He also inherited Ferncliff, the Astor family's 2800 acre estate in Rhinebeck, New York, where his father had been born. However, Vincent Astor would be the last family member to own the estate as well as the final Astor to occupy the "Ferncliff Casino", a Stanford White-designed 1904 Beaux-Arts style 40000 sqft building, which was inspired by the Grand Trianon at Versailles.
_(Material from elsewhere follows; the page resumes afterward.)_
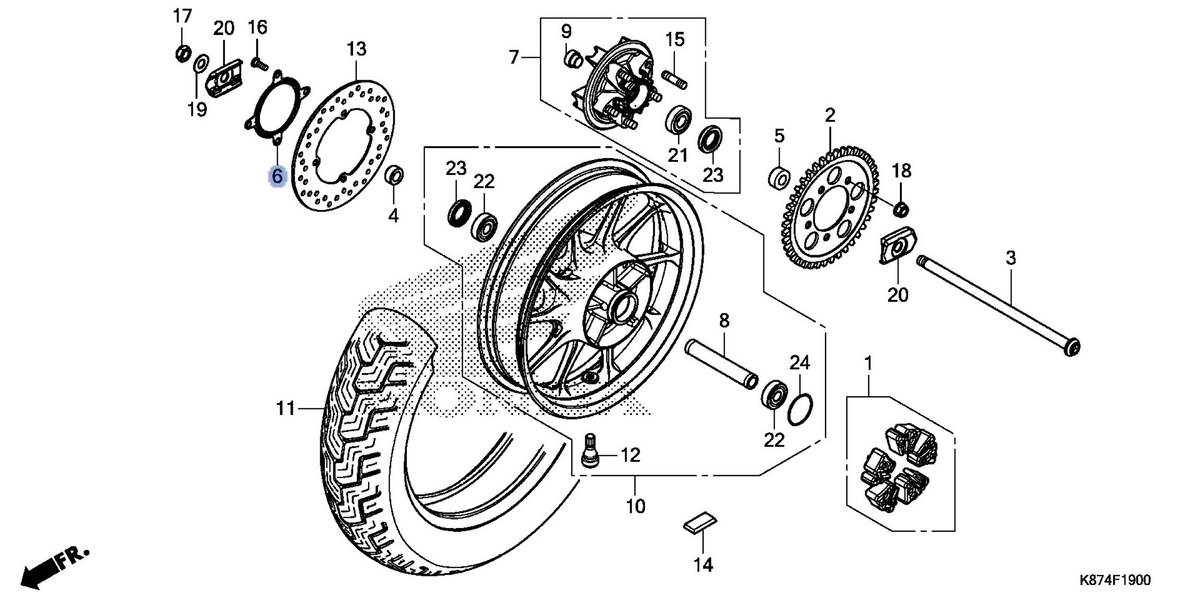 Honda OEM part 42515-K87-L50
On his death in 1959, Astor bequeathed the main house at Ferncliff to the Benedictine Hospital in Kingston, New York. His widow, Brooke, later donated the "Ferncliff Casino" to the Catholic Archdiocese of New York and sold off many parcels of the estate. In 1963, Homer Staley, a retired businessman in the area, asked Brooke Astor to preserve the remaining natural acreage of woodlands from development. She donated the woodlands to the Rotary Club of Rhinebeck, and the land became the Ferncliff Forest Game Refuge and Forest Preserve.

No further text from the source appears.